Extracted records
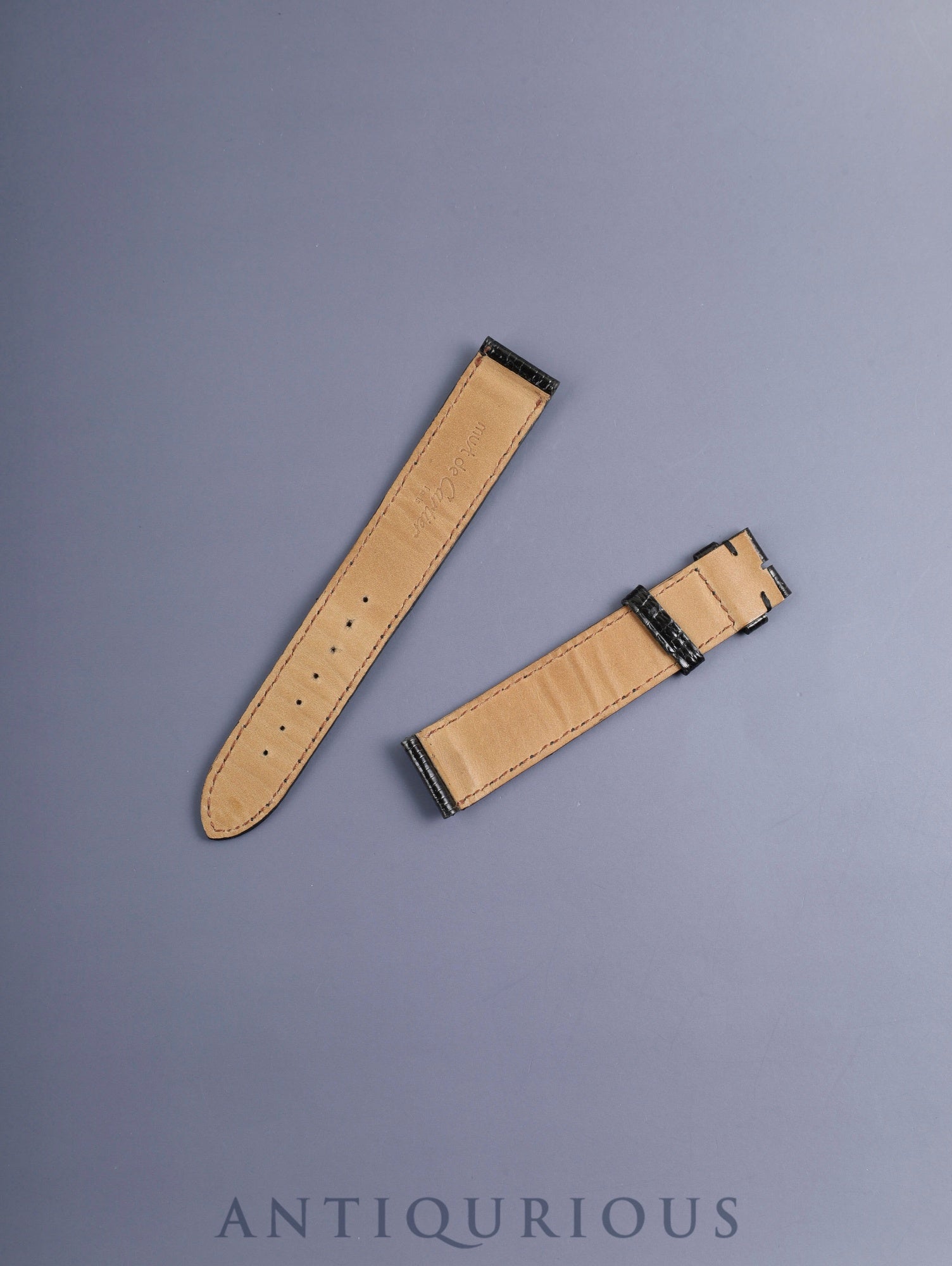 カルティエ マストタンク LM 手巻き Cal.78-1/ETA2512-1 SV925 革 純正尾錠(GP)アイボリーローマン文字盤 (SWISS MADE表記) オーバーホール済み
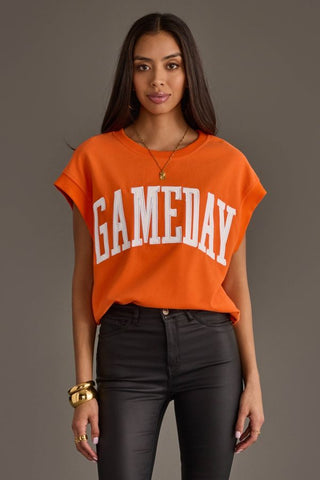 Gameday Terry Vest Top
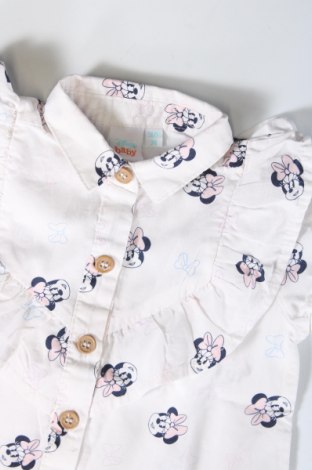 Παιδικό πουκάμισο Disney, Μέγεθος 6-9m/ 68-74 εκ., Χρώμα Λευκό, Τιμή 6,19 €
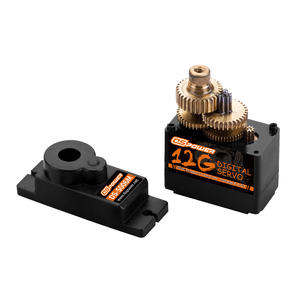 DS-S006M 12g Sg90 เกียร์โลหะ 270 องศา 40T ฮอร์นสำหรับโดรนอัจฉริยะ ของเล่นอัจฉริยะ มอเตอร์แรงบิดสูง - Product Image 4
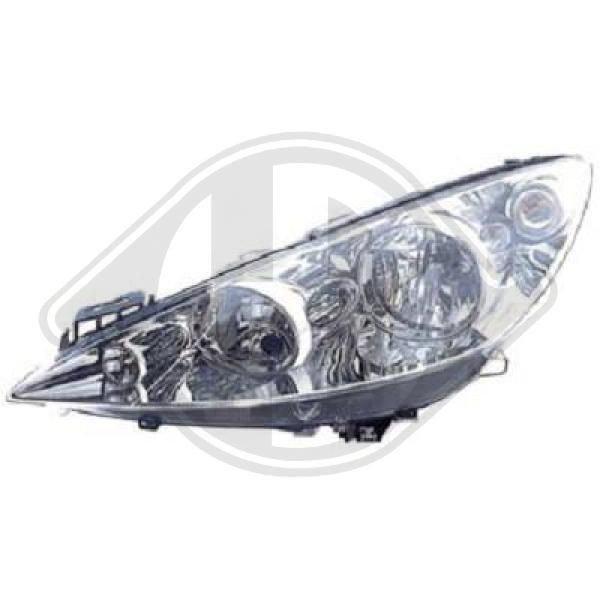 DIEDERICHS 4235081 - Hauptscheinwerfer
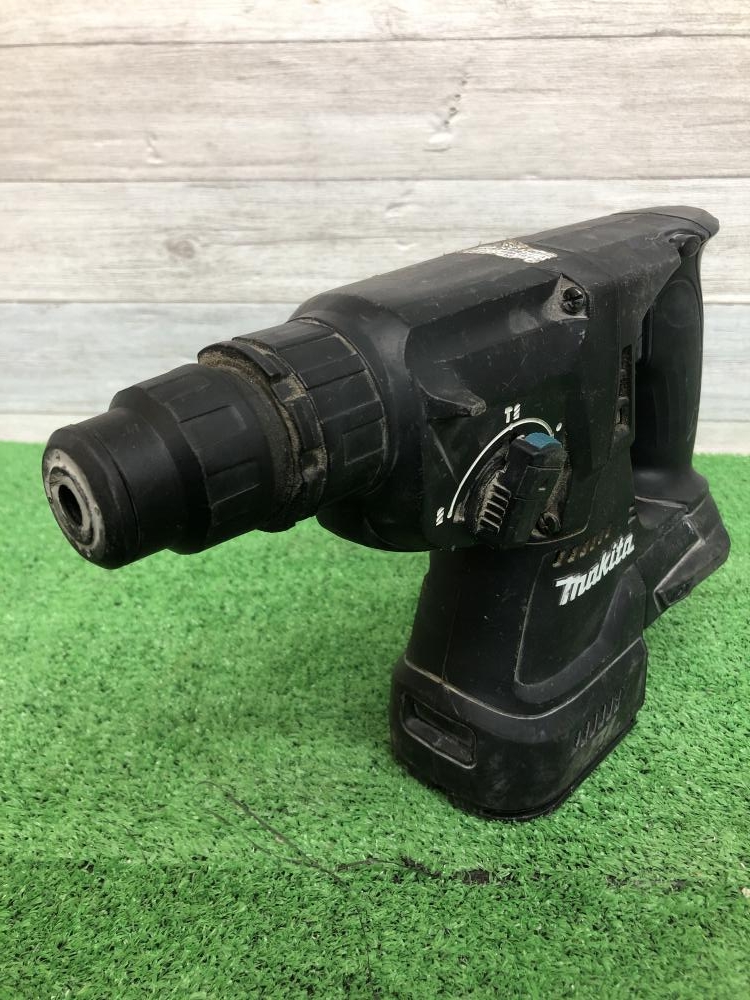 ✨マキタ 中古 HR244D 充電式 ハンマドリル 24ｍｍ 本体のみ ※異音有り✨うるま市田場✨ マキタ（makita） マキタ24mm充電式ハンマドリルHR244D青黒(本体のみ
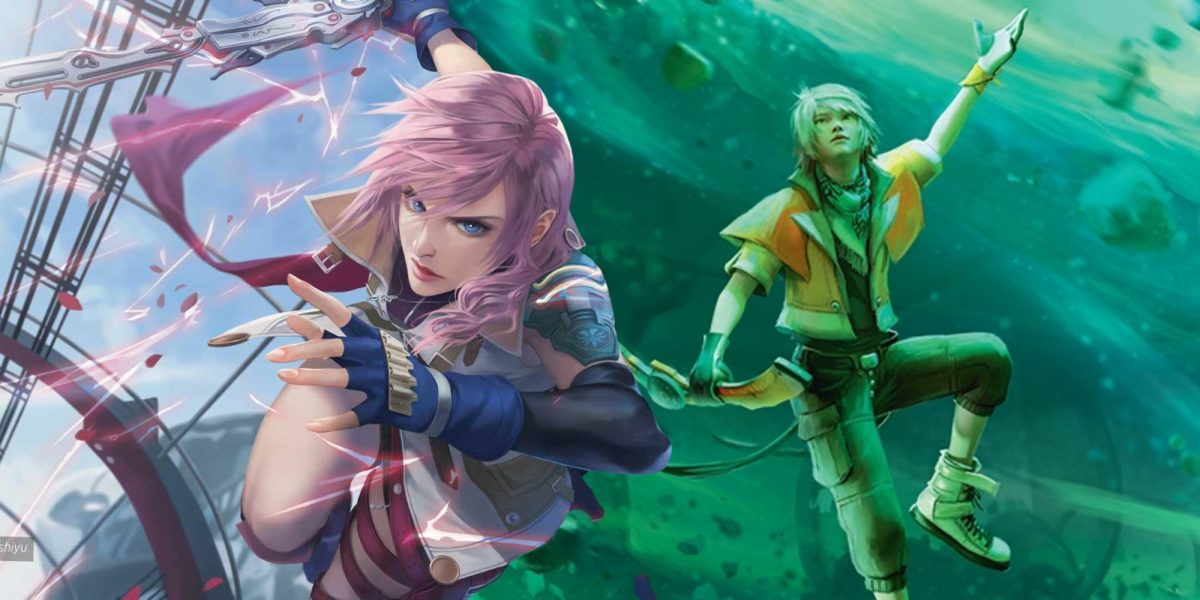 No tendrá que gustarle FF13 para querer esta magia: la tarjeta de reunión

**Description of the task**
Beginning with the first line of the entries above, repeat each line word for word until the line with "DS-S006M 12g Sg90" has been given too. Omit the pictures.

**Result of this exercise**
 カルティエ マストタンク LM 手巻き Cal.78-1/ETA2512-1 SV925 革 純正尾錠(GP)アイボリーローマン文字盤 (SWISS MADE表記) オーバーホール済み
 Gameday Terry Vest Top
 Παιδικό πουκάμισο Disney, Μέγεθος 6-9m/ 68-74 εκ., Χρώμα Λευκό, Τιμή 6,19 €
 DS-S006M 12g Sg90 เกียร์โลหะ 270 องศา 40T ฮอร์นสำหรับโดรนอัจฉริยะ ของเล่นอัจฉริยะ มอเตอร์แรงบิดสูง - Product Image 4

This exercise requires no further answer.